The 11-part series was the most extensive program produced on the subject, bringing together historical accounts, letters and pictures, many of which had never been made public.

Now, PBS is re-airing the digitally-remastered documentary 150 years after the end of the war, and just in time to add to the national conversation on race and freedom in America.

In an interview with Take Two, Burns reflected on President Abraham Lincoln and what his reaction to modern racism might be.

“I think he’d be saddened, but I don’t think he’d be surprised … I think he’d understand that the human heart is going to be a hard thing to tame … I think he’d be flabbergasted that we have an African American President. At the same time, I think he’d be deeply saddened by what’s happened in Ferguson, what’s happened in Charleston, in North Charleston and what’s happened all around the country.”

Abraham Lincoln didn’t live long enough to enact his postwar plans to reunite the country. He was shot just six days after the Confederacy surrendered. Burns says this had a profound impact on how the country would come to see race.

“It was a period of experimenting with enforcing civil rights in the vanquished Confederacy, and its collapse is the tragedy -- its collapse led to the imposition of Jim Crow, and the ascendency of the Klu Klux Klan, and lynching as a form of justice […] Americans went to war over this issue, then they kind of forgot it.”

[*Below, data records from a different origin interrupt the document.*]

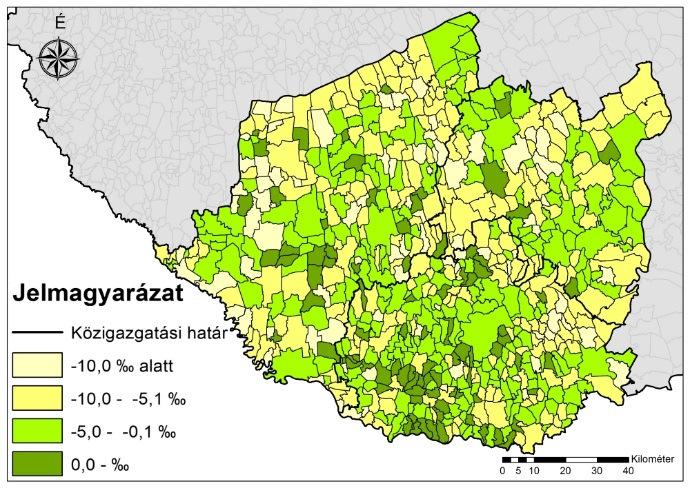 60 1.7-3. ábra: A 2001-2013 közötti évi átlagos természetes szaporodási ráta a 2000. év végi lakónépesség arányában a Dél-Dunántúlon, ill.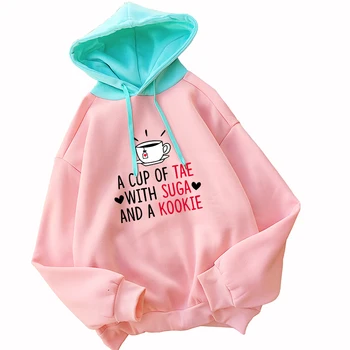 

Women Hoodies Sweatshirts Streetwear Casual Funny A CUP OF TEA WITH SUGA AND A KOOKIE Print Hooded Contrast Color Fleece Clothes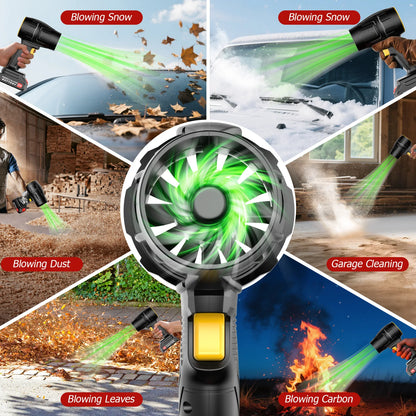 Multifunctional handheld blower with various uses including snow, dust, leaf, and carbon blowing.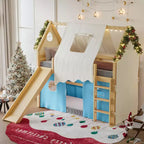 Lit mezzanine double/grand format avec toboggan intégré et lumières, cadre de lit mezzanine pour enfants avec tente et barrières de sécurité - ModernLuxe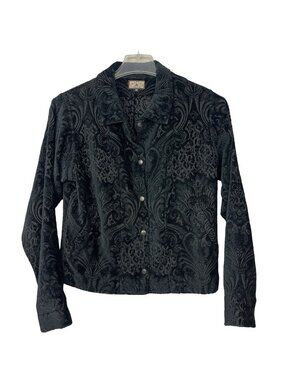 Crafted with Love Size Small Black Tapestry Jacket Snap Front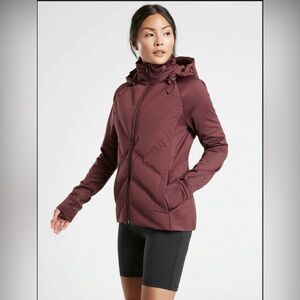 Athleta inlet down jacket womens XS puffer hooded coat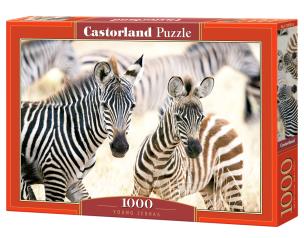 Puzzle 1000 Young Zebras CASTOR. Wydawca: Castorland. Multiszop.pl Opakowanie Puzzle 1000 Young Zebras CASTOR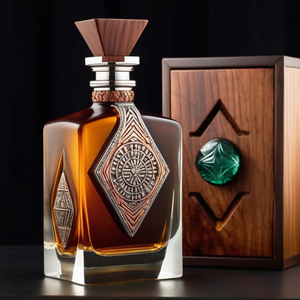 Envase de Vidrio Personalizado para Licores, Forma Plana, <span class=keywords><strong>Espacio</strong></span> <span class=keywords><strong>Vacío</strong></span> para 100 ml de Licor, Vodka, Ginebra, Whisky, Brandy, Tequila, Vino, con Tapa - Product Image 5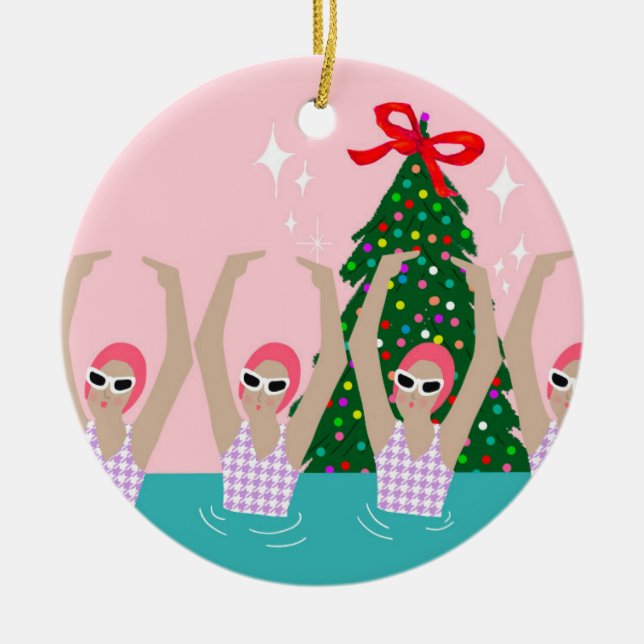Custom Artistic Swimmers Illustration Christmas    Ceramic Ornament (Front)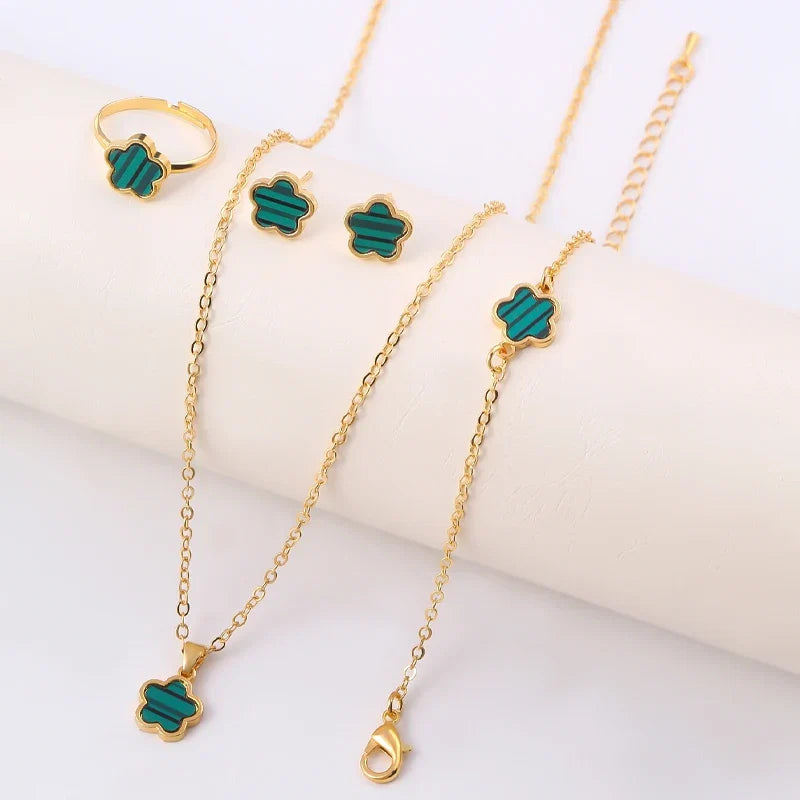Four-Leaf Clover Five-Piece Jewelry Set, Black Gold Light Luxury Necklace, Earrings, Bracelet, Ring Set, Fashionable and Elegant Women's Jewelry, Popular Accessories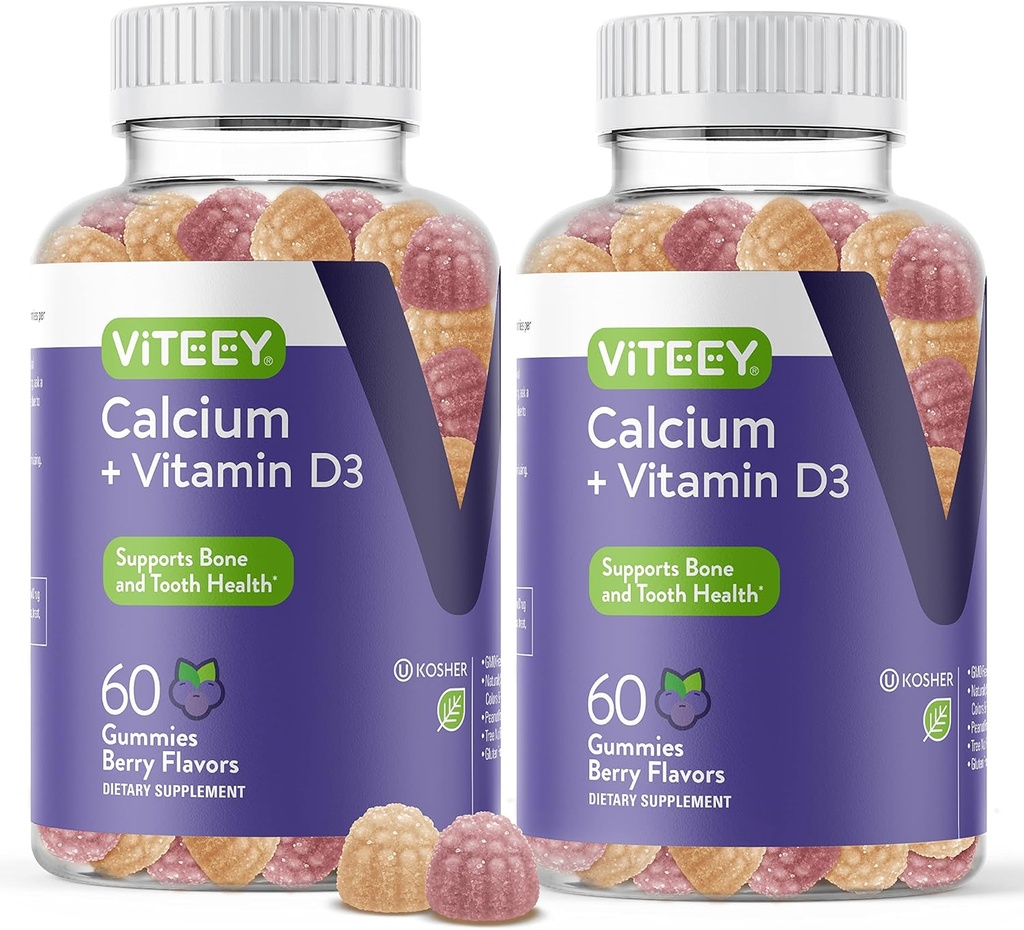 Calcium Gummies with Vitamin D3 - Supports Bone Health & Tooth Health - Chewable Calcium Gummies for Women, Men & Teens - Kosher, Gluten Free, GMO Free, Tasty Berry Flavored Calcium Chews Gummy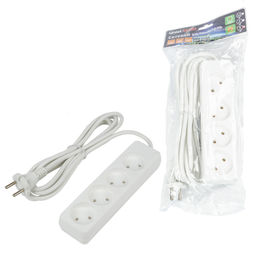 S-CU4-3 WHITE Удлинитель серии Ultra, шнур 3м., 4 гнезда, 10A, б/з. Белый. TM Uniel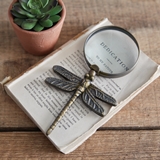 CTW Home Collection Antiqued-Brass Finish Dragonfly Magnifying Glass
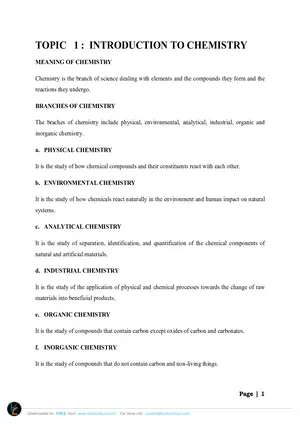 Secondary School Chemistry Form 1 Notes - Preview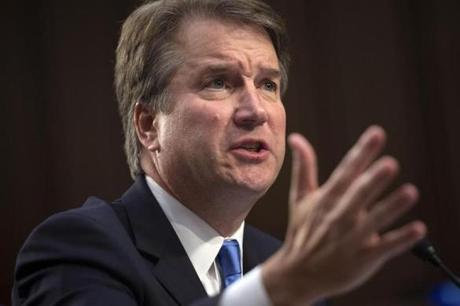 (FILES) In this file photo taken on September 05, 2018 Judge Brett Kavanaugh testifies during the second day of his US Senate Judiciary Committee confirmation hearing to be an Associate Justice on the US Supreme Court, on Capitol Hill in Washington, DC. - US Supreme Court nominee Judge Brett Kavanaugh declared himself 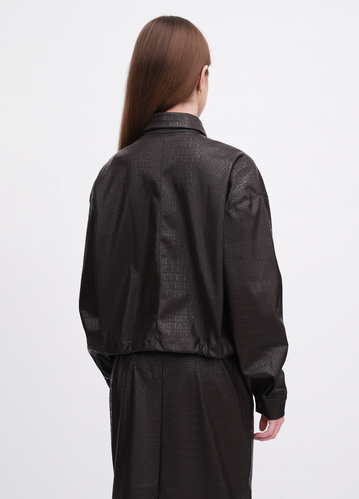 Фото ракурс 2 - Женская коричневая куртка EQUILIBRI артикул W491 074 100 Brown FW2025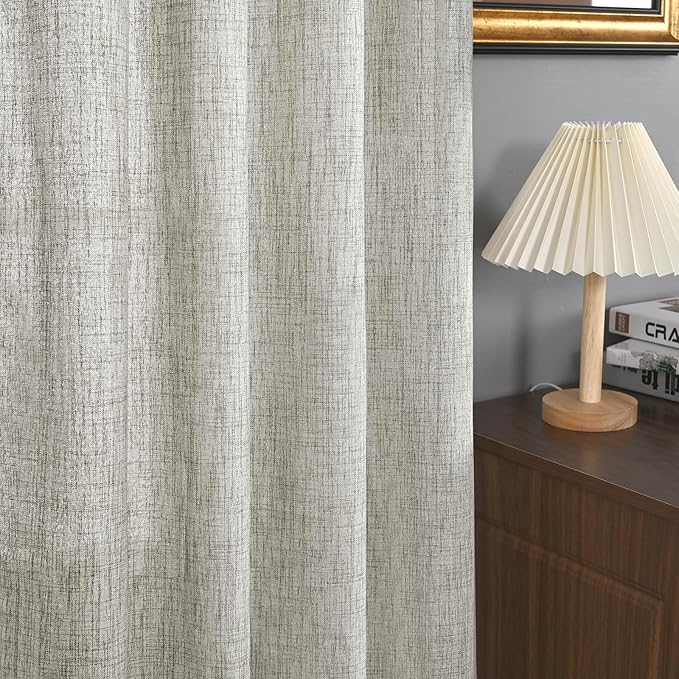 YoungsTex Dark Grey Linen Curtains 45 Inch Length for Short Window, Semi Sheer Drapes with Back Tab Rod Pocket Light Filtering for Kitchen Bathroom Bedroom, 2 Panels, 42 X 45 Inch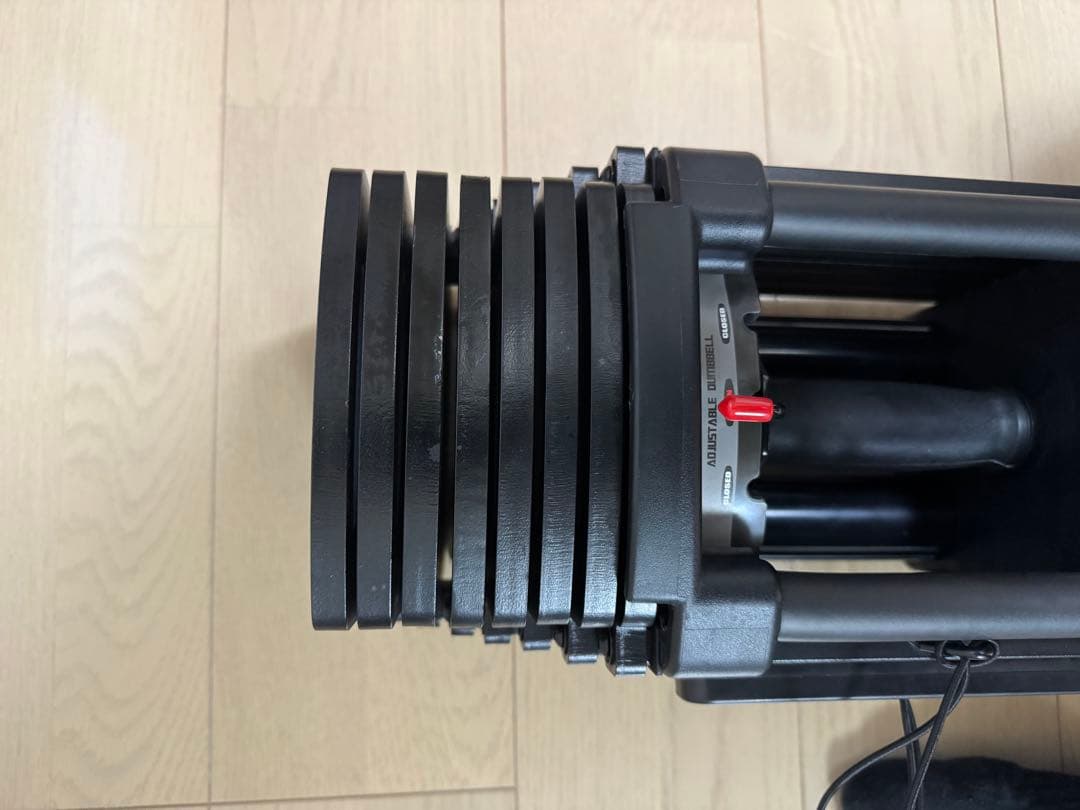 可変式ダンベル パワー ブロックダンベル 42kg 2個セットオールブラック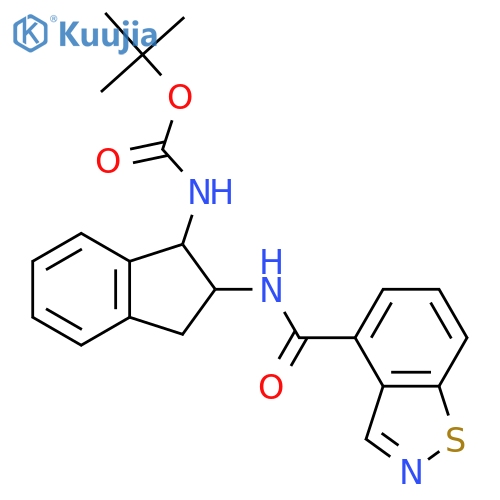 tert-butyl N-[2-(1,2-benzothiazole-4-amido)-2,3-dihydro-1H-inden-1-yl]carbamate structure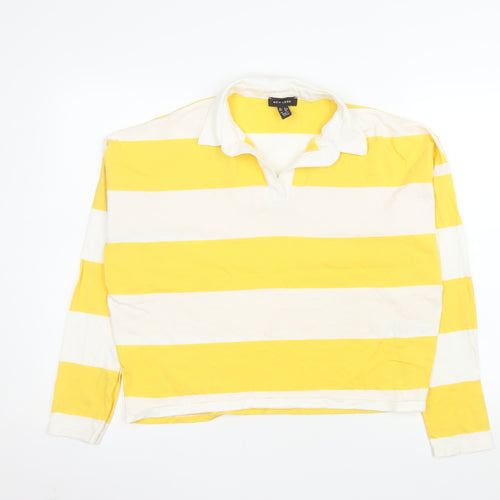New Look Women's Yellow White Striped Long Sleeve Polo Top UK 12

While the subject of slavery will forever remain a sensitive one in America, he contends that the painful history is made worse by the reality that true equality has yet to be achieved.

“I think it’s less feeling the sting of history, than it is feeling the sting of being black-skinned in a culture that has yet to see people for the content of their character, as Dr. King said. Job discrimination, housing discrimination, all sorts of indignities --big and small-- that take place every day.”